(The Root) — After a first term that saw fierce partisanship, a struggling economy and widespread disagreement on the principles that define us as a nation, President Barack Obama kicked off his second term with an address calling for unity while celebrating the nation's growing diversity and insisting that we must respect and look out for all Americans.
"We have always understood that when times change, so must we," said the president as he addressed the nation. "That fidelity to our founding principles requires new responses to new challenges; that preserving our individual freedoms ultimately requires collective action."
Speaking in a year that sees the convergence of two major anniversaries in the road to equality — the Emancipation Proclamation's 150th and the March on Washington's 50th — and on a day that coincides with the Martin Luther King Jr. holiday, President Obama frequently invoked names and imagery from freedom struggles, as well as the battles fought by immigrants, women and the lesbian, gay, bisexual and transgender community. Certainly, his political base was not forgotten in this speech.
"We, the people, declare today that the most evident of truths –- that all of us are created equal –- is the star that guides us still; just as it guided our forebears through Seneca Falls and Selma and Stonewall; just as it guided all those men and women, sung and unsung, who left footprints along this great Mall, to hear a preacher say that we cannot walk alone; to hear a King proclaim that our individual freedom is inextricably bound to the freedom of every soul on Earth," he intoned.

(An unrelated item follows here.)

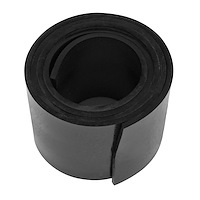 S 18-0236 Solid Rubber Sheet, 2 in. Wide x 3' Long x 1/8 in. Thick, Each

The coalition that helped re-elect the president was also well represented elsewhere in the inaugural proceedings. Slain civil rights activist Medgar Evers' widow, Myrlie Evers-Williams, gave the invocation; the Rev. Luis Leon of of St. John's Church in Washington, D.C., gave a benediction that asked God to help "see that we are created in your image, whether brown, black or white; male or female; first-generation or immigrant American or daughter of the American Revolution; gay or straight; rich or poor"; and even GOP Sen. Lamar Alexander of Tennessee quoted Roots author Alex Haley.
But beyond that coalition are the 49 percent of voters who did not choose President Obama for a second term. To them, and to the lawmakers across the aisle with whom he must spend the coming weeks hammering out a budget deal, he said, "Progress does not compel us to settle centuries-long debates about the role of government for all time, but it does require us to act in our time."
Will he be able to lead Congress in solving our nation's economic problems and healing some of the political rifts that seem to have widened over the past four years? Time will tell if this sunny, brisk day in January is the beginning of real progress.